Number Theory and Probability
Advisor: Steven J. Miller and possibly others
We’ll explore many of the interplays between number theory and probability / harmonic analysis, with projects drawn from L-functions, Random Matrix Theory, Additive Number Theory (such as the 3x+1 Problem and Zeckendorf decompositions), and Benford’s law. A common theme in many of these systems is either a probabilistic model or heuristic. For example, Random Matrix Theory was developed to study the energy levels of heavy nuclei. While it can be hard to analyze the behavior of a specific configuration it is often possible to say something about the configurations in aggregate. For instance, it is often easy to calculate an average over all configurations, and then appeal to a Central Limit Theorem type result to say that a generic systems behavior is close to this average. These techniques have been applied to many problems, ranging from the behavior of L-functions to the structure of networks to city transportation.
The choice of problems will be chosen by student interest from these and other related topics. For references for each set of problems and additional details, please go to http://www.williams.edu/Mathematics/sjmiller/public_html/ntprob17.
Random Matrix Theory
Advisor: Mihai Stoiciu
- “What Is A Random Matrix” by Persi Diaconis: http://www.ams.org/notices/200511/what-is.pdf
- “An Introduction to Random Matrix Theory” by Greg W. Anderson, Alice Guionnet, and Ofer Zeitouni: http://www.wisdom.weizmann.ac.il/~zeitouni/cupbook.pdf
- “Topics in Random Matrix Theory” by Terry Tao: https://terrytao.files.wordpress.com/2011/02/matrix-book.pdf
- Article about the Tracy-Widom distribution: https://www.quantamagazine.org/beyond-the-bell-curve-a-new-universal-law-20141015/
Advisor: Ralph Morrison
Tropical geometry combines the worlds of combinatorics, discrete geometry, and algebraic geometry, and we will draw from projects that emphasize these subjects and the connections between them.

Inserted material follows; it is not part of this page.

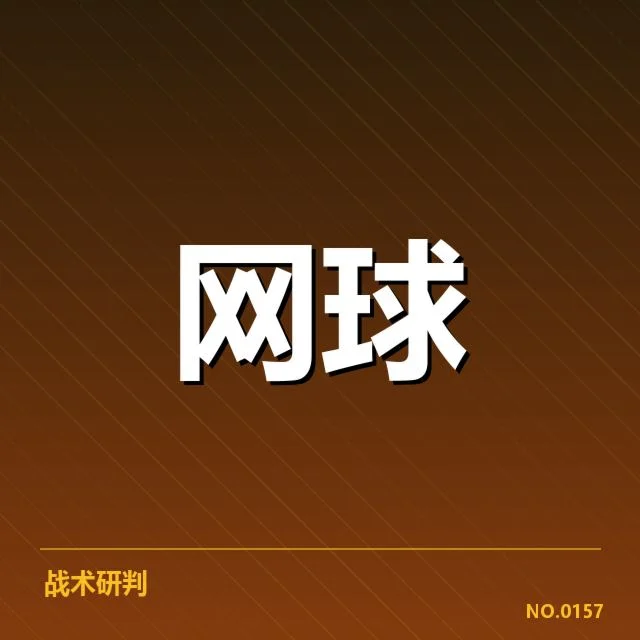 已确认的参赛名单与赛程信息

We will focus on abstract tropical curves, which are graphs with lengths assigned to the edges. These combinatorial objects can be used to study algebraic curves. In particular, we’ll be focused on the theory of divisors on these graphs, which can be phrased in the language of chip-firing games, with a view towards studying an important number called the gonality of a graph. We will also consider embedded tropical curves, which live in Euclidean space as piecewise-linear objects.